La 'lista Zingaretti', nella speranza dello stato maggiore dem, dovrebbe aprire quella che il segretario chiama la "Fase della concretezza". Va aperta, spiega, "una fase nuova all'insegna del fare e della concretezza", che passa dalle riforme per il superamento del bicameralismo perfetto - "abbiamo pronto un testo di legge che depositeremo a breve alla Camere", annuncia - e da una nuova legge elettorale, oltre a nuovi regolamenti parlamentari. Insomma, il pacchetto dell'accordo 'allegato' al taglio dei parlamentari su cui il Pd è determinato a dare battaglia in parlamento e fuori. A questo, poi, il segretario aggiunge la "riforma del sistema delle autonomie locali".
Il nodo più difficile da sbrogliare per Giuseppe Conte è però quello del Mes che vede il Movimento Cinque Stelle fieramente contrario. Il rischio di uno scontro interno alla maggioranza è ben presente a tutti gli azionisti del governo e il Pd ha fatto di quelle risorse europee una bandiera politica. Forte della centralità conquistata con le Regionali, il Partito Democratico può ora ritornare con più forza sul tema: "Non è questione Mes sì o Mes no", dice Andrea Orlando in conferenza con il segretario, "quanto se si vuole investire sulla Sanità pubblica oppure no". E qui Zingaretti infila la richiesta al ministro della Salute, Roberto Speranza, perchè presenti un "piano della nuova sanità italiana". L'obiettivo è quello di stanare il fonte dei contrari all'utilizzo del Mes mettendo in evidenza a quali servizi, innovazioni, benefici per i cittadini rinuncerebbe l'Italia se non chiedesse di accedere alle risorse del Meccanismo di stabilità europeo.
Un primo segnale da parte del presidente del Consiglio arriva pochi minuti dopo le parole di Zingaretti. Conte esce da Palazzo Chigi per raggiungere un centro congressi dalle parti di Piazza di Spagna. Un modo per prendere una boccata d'aria, certo. Ma anche per incontrare i cronisti che gli riportano le parole del leader dem: "Ci sarà un piano sulla sanità", conferma il premier, "poi andremo a vedere quanto costa. Il Mes è una questione pregiudiziale sulla quale non mi pronuncio. Anche io sulla sanità e sugli investimenti ho fretta", aggiunge.
Immediatamente dopo il Mes, viene il nodo dei decreti sicurezza. Il Partito Democratico, per ammissione del ministro Giuseppe Provenzano, chiede di cambiare i decreti Salvini "ad ogni Consiglio dei ministri", senza trovare orecchie pronte all'ascolto, soprattutto tra i Cinque Stelle. Uno dei fattori costato l'accusa di "subalternità" ai grillini da parte dei detrattori del segretario.
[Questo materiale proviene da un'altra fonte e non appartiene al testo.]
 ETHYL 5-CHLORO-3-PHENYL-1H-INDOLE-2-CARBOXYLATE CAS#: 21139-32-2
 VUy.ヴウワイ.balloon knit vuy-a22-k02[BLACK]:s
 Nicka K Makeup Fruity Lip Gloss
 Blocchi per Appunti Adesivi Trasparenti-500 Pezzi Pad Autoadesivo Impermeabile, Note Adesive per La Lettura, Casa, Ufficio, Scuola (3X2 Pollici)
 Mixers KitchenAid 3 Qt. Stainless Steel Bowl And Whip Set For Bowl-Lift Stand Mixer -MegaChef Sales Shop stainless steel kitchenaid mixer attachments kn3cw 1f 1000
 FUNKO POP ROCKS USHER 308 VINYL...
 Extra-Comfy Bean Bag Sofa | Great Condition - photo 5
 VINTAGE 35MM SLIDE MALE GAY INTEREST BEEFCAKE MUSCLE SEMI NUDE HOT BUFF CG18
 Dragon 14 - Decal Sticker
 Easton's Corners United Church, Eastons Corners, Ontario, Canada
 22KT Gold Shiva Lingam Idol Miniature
Ora Zingaretti intende accelerare su questo punto, portando al tavolo di Palazzo Chigi una proposta concreta: dei decreti sicurezza che sostituiscano i decreti Salvini: "I decreti sicurezza ora vanno approvati, vanno fatti dei decreti sicurezza perché quelli di Salvini non lo erano. E' il momento di iniziare l'iter in Consiglio dei ministri e poi in sede parlamentare". E, anche qui, il premier risponde: "Le modifiche ai decreti sicurezza li portiamo al piu' presto" in Consiglio dei Ministri.
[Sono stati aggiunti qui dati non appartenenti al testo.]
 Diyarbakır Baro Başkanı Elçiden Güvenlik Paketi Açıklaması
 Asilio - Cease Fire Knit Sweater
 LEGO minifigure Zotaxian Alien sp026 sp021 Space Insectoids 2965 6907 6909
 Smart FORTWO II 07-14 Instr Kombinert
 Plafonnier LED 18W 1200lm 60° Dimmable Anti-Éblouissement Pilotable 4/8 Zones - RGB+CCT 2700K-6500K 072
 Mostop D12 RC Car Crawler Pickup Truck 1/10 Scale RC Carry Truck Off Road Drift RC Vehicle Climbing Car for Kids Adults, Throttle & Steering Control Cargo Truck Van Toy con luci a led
Resta da vedere quale sarà l'impatto del maggior peso del Pd sugli altri partiti di maggioranza usciti ammacati da questa tornata elettorale. Certo, il M5s "si consola con il referendum", come ha modo di sottolineare anche il premier. Ma resta la fase di incertezza e debolezza che il Movimento sta attraversando da mesi. C'è, poi, Italia Viva: Renzi cerca di valorizzare quanto di buono ha fatto vedere il suo partito, ma i numeri di Puglia e Toscana sono implacabili. Anche per questo Zingaretti cerca di non gettare sale sulle ferite e a chi gli chiede un commento ai risultati degli alleati risponde: "Sui nostri alleati devo rivendicare una cosa: ci sono state incomprensioni, ma con Italia Viva, M5s e Leu in questa campagna elettorale abbiamo lavorato benissimo, anche laddove non eravamo alleati. Non ho niente da aggiungere sulle valutazioni di ogni forza politica".
Caustico, invece, il vice segretario: "Noi crediamo che i partiti che considerano sottodimensionata la loro posizione, non si limitino a fotografare l'esistente, ma abbiano ambizione. Prendiamo per buone le parole che hanno sempre espresso sulla volontà di rafforzare i poli riformisti e liberali. Italia Viva, che in Parlamento ha una cospicua rappresentanza, ha sottoscritto un impegno e non ha mai riconsiderato quella posizione". Poi arriva o stop al M5s che, dopo il taglio dei parlamentari, tenta di rilanciare sul taglio agli stipendi degli eletti. "Credo che un po' la retorica dell'anticasta cominci a stufare e credo che forse Di Maio debba, se non rinnovare, almeno integrare il repertorio".